How Thermal Cameras Work

• Thermal cameras detect infrared radiation (heat) emitted by objects and convert that into a temperature reading.
• They don't "see" temperature directly but infer it from emitted infrared energy.

Why the Shell Casing Reads as -1°C

• Emissivity Difference:

Metals, especially polished ones like brass, have very low emissivity. This means they don't emit much infrared radiation and instead reflect ambient infrared radiation from their surroundings (like the sky).

• Sky Reflection Effect ("Cold Sky Effect")

On a clear day, the sky acts as a cold source because space is extremely cold (often measured as -60°C). The brass casing reflects the sky’s infrared radiation rather than emitting its own.The thermal camera, seeing this reflection, interprets it as if the brass is much colder than the actual ambient temperature.

• Actual Temperature vs. Apparent Temperature

The brass may physically be close to ambient temperature (20°C), but since the camera detects reflected infrared, it falsely appears as -1°C.

Conclusion

The thermal camera is being "fooled" by the brass casing’s reflective properties, making it look much colder than it actually is.
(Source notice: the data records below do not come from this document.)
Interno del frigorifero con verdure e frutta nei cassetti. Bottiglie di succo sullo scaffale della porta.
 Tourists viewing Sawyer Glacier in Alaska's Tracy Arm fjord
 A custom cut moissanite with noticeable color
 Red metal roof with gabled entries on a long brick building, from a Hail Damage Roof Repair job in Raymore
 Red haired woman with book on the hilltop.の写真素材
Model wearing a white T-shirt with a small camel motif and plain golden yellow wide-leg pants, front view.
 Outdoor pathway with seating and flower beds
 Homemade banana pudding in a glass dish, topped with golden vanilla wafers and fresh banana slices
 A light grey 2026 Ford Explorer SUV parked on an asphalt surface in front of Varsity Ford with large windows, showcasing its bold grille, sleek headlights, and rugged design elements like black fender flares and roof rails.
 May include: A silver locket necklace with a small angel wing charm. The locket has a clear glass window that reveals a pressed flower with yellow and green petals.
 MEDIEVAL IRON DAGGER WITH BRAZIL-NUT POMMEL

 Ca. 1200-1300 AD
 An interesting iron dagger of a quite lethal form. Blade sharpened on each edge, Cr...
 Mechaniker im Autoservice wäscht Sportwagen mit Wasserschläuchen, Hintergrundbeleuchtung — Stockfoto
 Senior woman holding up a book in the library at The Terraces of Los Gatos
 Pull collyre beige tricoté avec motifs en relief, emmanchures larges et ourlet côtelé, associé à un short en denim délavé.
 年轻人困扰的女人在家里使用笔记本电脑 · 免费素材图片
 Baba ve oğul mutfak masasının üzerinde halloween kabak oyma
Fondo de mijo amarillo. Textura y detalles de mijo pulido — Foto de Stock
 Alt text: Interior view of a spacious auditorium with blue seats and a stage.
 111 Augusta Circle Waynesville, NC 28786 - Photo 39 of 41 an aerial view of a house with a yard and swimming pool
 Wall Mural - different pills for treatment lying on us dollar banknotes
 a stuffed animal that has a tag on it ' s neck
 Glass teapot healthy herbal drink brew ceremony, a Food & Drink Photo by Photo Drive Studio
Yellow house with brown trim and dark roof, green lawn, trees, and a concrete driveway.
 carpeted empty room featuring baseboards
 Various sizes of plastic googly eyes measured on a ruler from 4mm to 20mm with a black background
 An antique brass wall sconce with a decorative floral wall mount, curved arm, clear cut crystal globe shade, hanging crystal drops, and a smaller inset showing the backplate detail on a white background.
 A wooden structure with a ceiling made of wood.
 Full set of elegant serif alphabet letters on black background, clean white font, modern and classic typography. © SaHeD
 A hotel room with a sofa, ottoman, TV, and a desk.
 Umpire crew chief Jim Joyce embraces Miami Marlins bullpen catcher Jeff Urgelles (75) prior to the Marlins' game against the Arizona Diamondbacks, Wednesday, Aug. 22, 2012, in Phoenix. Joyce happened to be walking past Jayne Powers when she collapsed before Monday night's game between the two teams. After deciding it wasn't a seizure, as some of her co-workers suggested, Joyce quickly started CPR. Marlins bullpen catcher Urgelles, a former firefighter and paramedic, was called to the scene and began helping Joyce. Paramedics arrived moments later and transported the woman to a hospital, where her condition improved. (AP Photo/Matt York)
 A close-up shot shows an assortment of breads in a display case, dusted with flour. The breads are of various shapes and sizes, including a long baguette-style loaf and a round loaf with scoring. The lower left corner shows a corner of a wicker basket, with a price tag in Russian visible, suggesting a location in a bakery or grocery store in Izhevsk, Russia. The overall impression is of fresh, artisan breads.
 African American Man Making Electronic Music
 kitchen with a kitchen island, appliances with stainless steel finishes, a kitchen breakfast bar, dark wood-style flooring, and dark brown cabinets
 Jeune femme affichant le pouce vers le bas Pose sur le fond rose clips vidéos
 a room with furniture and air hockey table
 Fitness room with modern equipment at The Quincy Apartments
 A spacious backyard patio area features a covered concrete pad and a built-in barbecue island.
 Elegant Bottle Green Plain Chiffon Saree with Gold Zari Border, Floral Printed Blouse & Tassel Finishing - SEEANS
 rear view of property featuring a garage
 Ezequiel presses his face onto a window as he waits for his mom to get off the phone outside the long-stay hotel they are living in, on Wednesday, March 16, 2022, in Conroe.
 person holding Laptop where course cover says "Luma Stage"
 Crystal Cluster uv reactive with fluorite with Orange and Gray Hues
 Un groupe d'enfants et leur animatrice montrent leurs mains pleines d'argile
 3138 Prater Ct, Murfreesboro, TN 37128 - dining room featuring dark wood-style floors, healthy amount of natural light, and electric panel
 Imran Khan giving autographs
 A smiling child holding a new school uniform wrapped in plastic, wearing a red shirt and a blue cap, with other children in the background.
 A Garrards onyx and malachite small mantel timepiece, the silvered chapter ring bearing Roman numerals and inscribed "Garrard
This is a common issue with metals and is why thermal imaging often struggles with polished surfaces. In this case it aids our search of the site and makes light of finding spent shell cases at the scene over a large area that could take lots of personnel in a long drawn out search.

This is why Regions of Interest are captured and revisited by air assets or ground assets. It is now so easy to send an operative or asset to the area detected.

You don't need and often can't see what you are looking for so a good understanding of the principles allows you to make sense of the non visual!